Caveats Relating to Home Price Indices
There is no such thing as an "accurate" home price index. CoreLogic HPI is a repeat sales type index which should not be skewed by changes in the mix of home sales. For more information, please read.
Frome CoreLogic:
The CoreLogic HPI™ is built on industry-leading public record, servicing and securities real-estate databases and incorporates more than 40 years of repeat-sales transactions for analyzing home price trends. Generally released on the first Tuesday of each month with an average five-week lag, the CoreLogic HPI is designed to provide an early indication of home price trends by market segment and for the "Single-Family Combined" tier representing the most comprehensive set of properties, including all sales for single-family attached and single-family detached properties. The indexes are fully revised with each release and employ techniques to signal turning points sooner. The CoreLogic HPI provides measures for multiple market segments, referred to as tiers, based on property type, price, time between sales, loan type (conforming vs. non-conforming) and distressed sales. Broad national coverage is available from the national level down to ZIP Code, including non-disclosure states.
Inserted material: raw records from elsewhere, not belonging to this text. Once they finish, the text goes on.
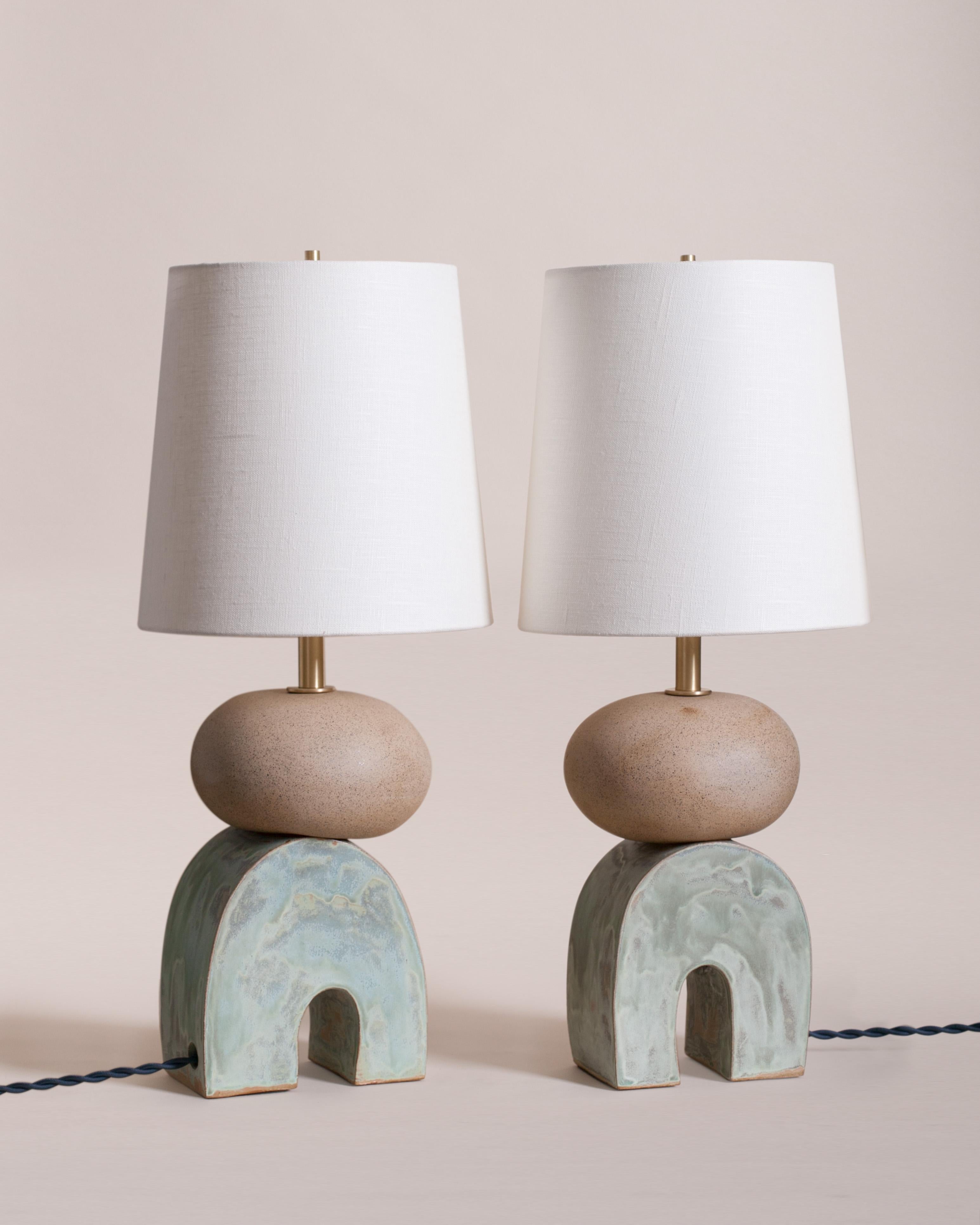 handmade ceramic lamp base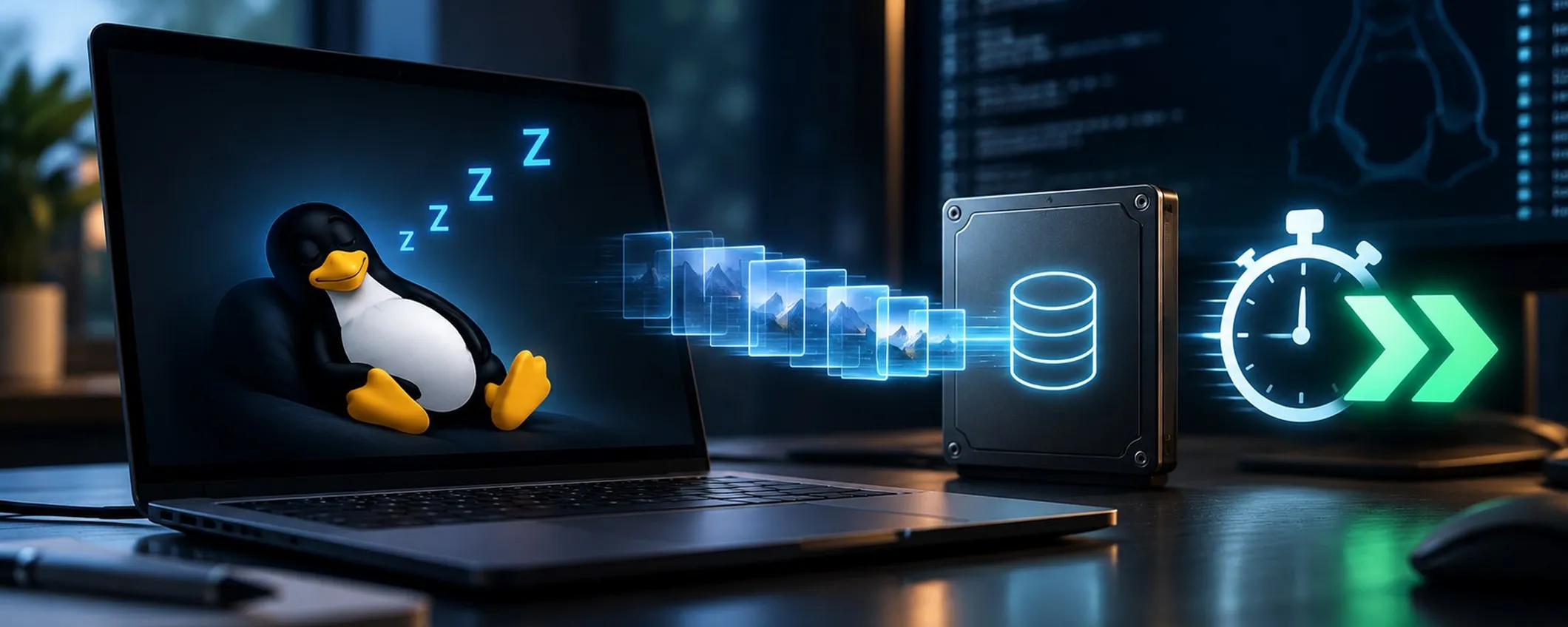 Anteprima: Ibernazione più veloce su Linux: in arrivo nuova ottimizzazione del kernel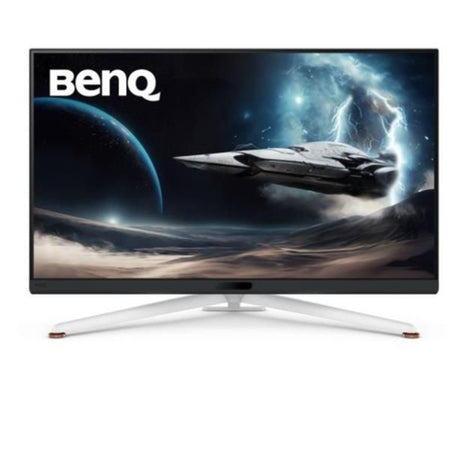 Benq ex321ux monitor pc 80 cm (31.5\") 3840 x 2160 pixel 4k ultra hd led bianco - 9H.LM7LB.QBE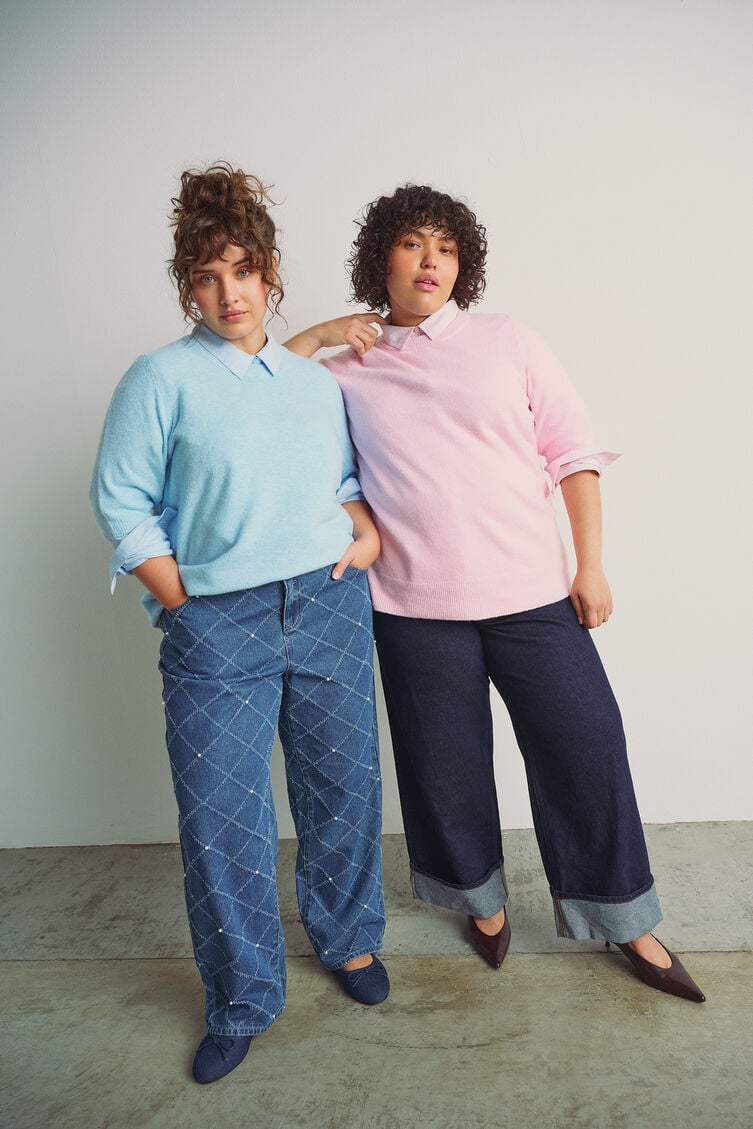 Värikäs look kerroksittain, , Model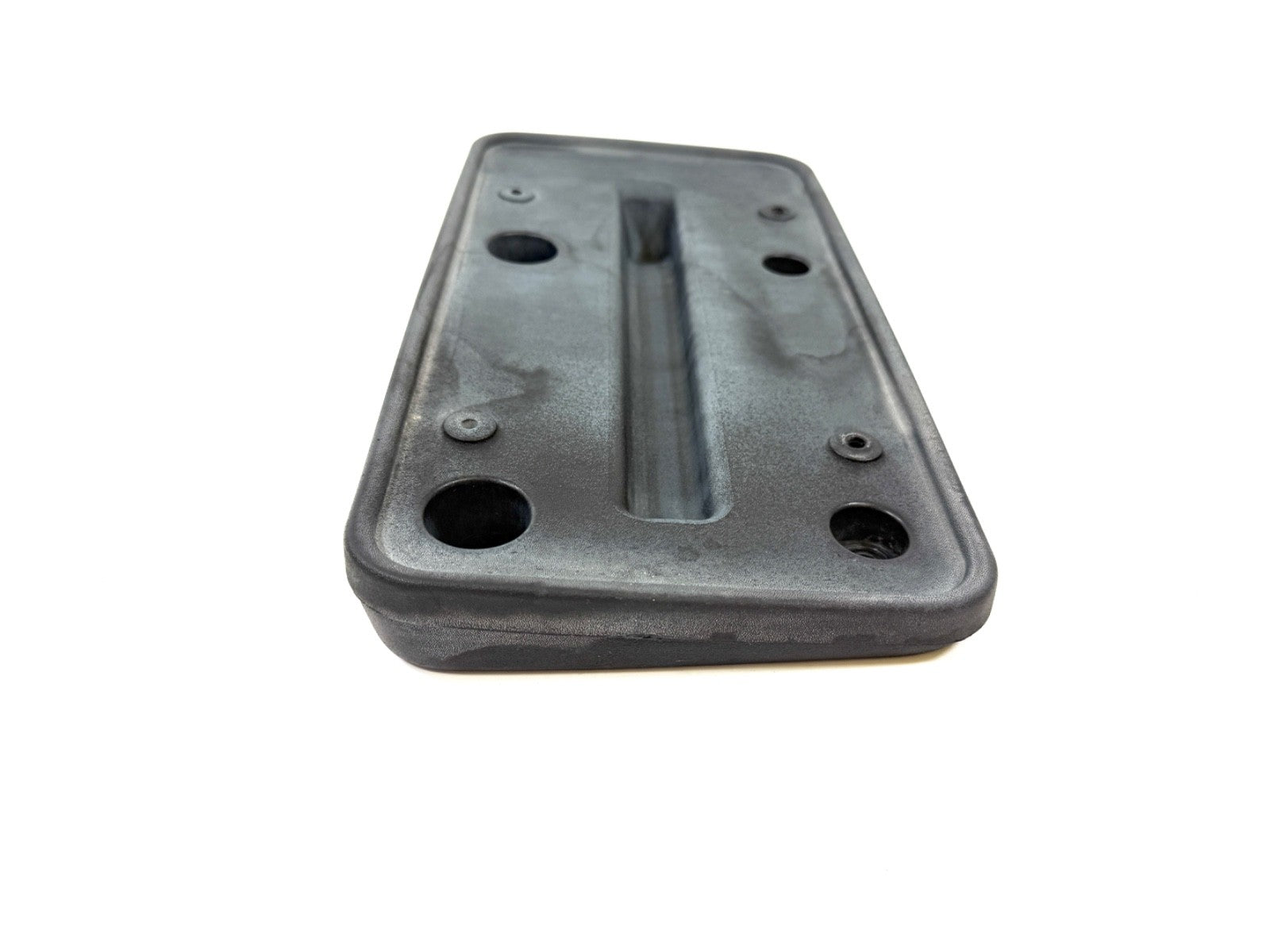 Jeep Wrangler TJ 1997-06 OEM Rear License Plate Bracket Holder Mount2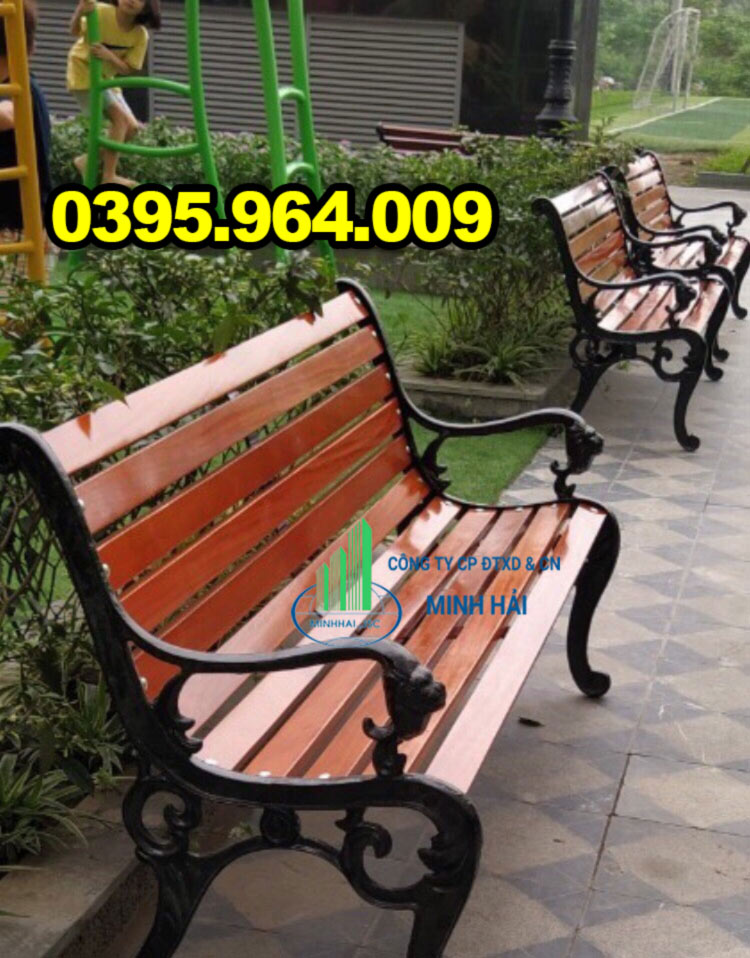 Ghế Gang Đúc Ngoài Trời [Báo giá mới nhất 2026]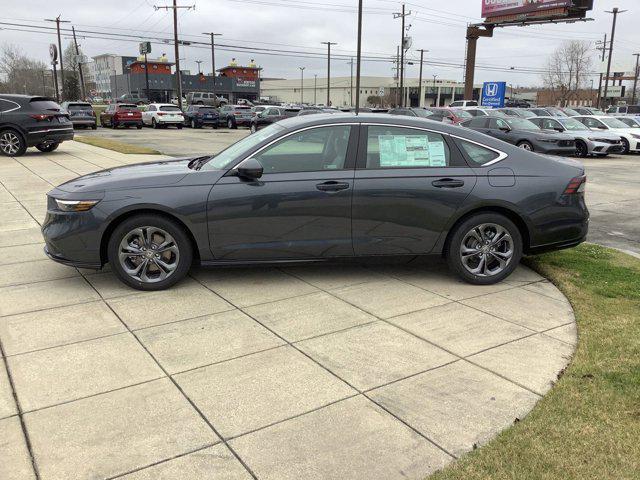 new 2025 Honda Accord Hybrid car, priced at $36,135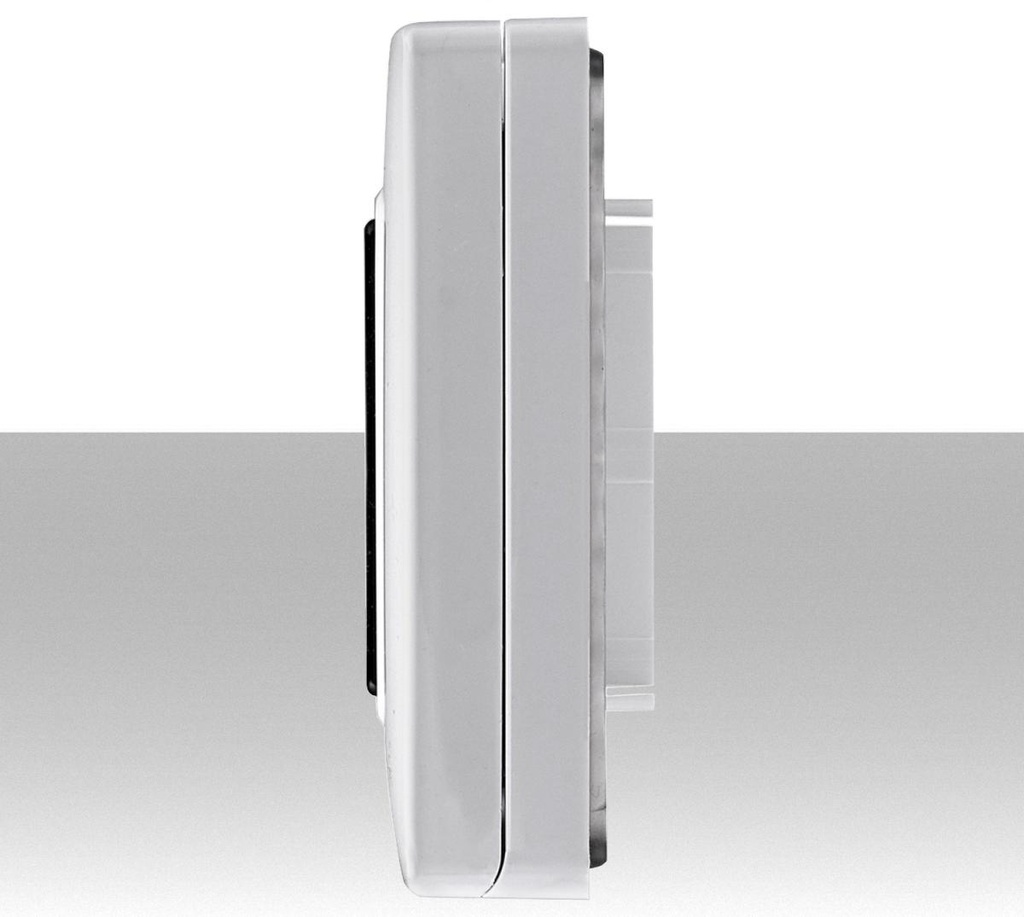 Coperchio stagno per 3 moduli vimar bianco IP55 per scatole da incasso Plana 14943.01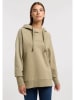 ELBSAND Hoodie "Svana" taupe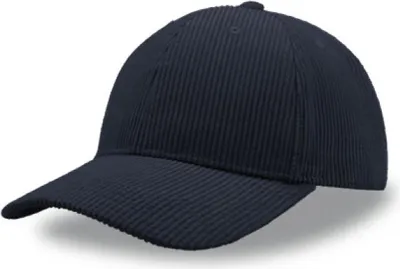 Produktbild von Atlantis CORS | Cordy Cap Recycled - Farbe: Navy - Größe: One Size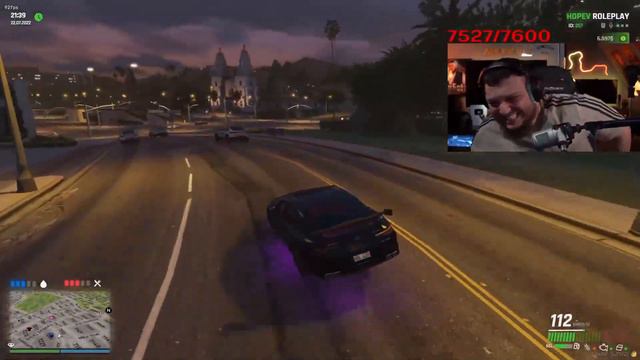 [HopeV] BEST OF GTA 5 RP Fails & Twitch Highlights #16 смотреть онлайн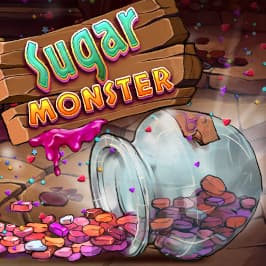 Sugar Monster Game Logo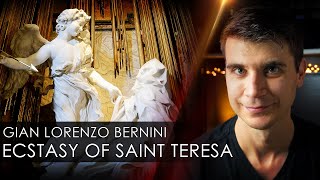 A masterpiece by Bernini Ecstasy of Saint Teresa [upl. by Missy]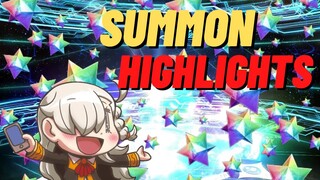 FGO 2021 Summon Highlights! | All SR & SSR Servants I Pulled Throughout The Year!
CoreLogic HPI Forecasts™ are based on a two-stage, error-correction econometric model that combines the equilibrium home price—as a function of real disposable income per capita—with short-run fluctuations caused by market momentum, mean-reversion, and exogenous economic shocks like changes in the unemployment rate. With a 30-year forecast horizon, CoreLogic HPI Forecasts project CoreLogic HPI levels for two tiers—"Single-Family Combined" (both attached and detached) and "Single-Family Combined Excluding Distressed Sales." As a companion to the CoreLogic HPI Forecasts, Stress-Testing Scenarios align with Comprehensive Capital Analysis and Review (CCAR) national scenarios to project five years of home prices under baseline, adverse and severely adverse scenarios at state, CBSA and ZIP Code levels. The forecast accuracy represents a 95-percent statistical confidence interval with a +/- 2.0 percent margin of error for the index.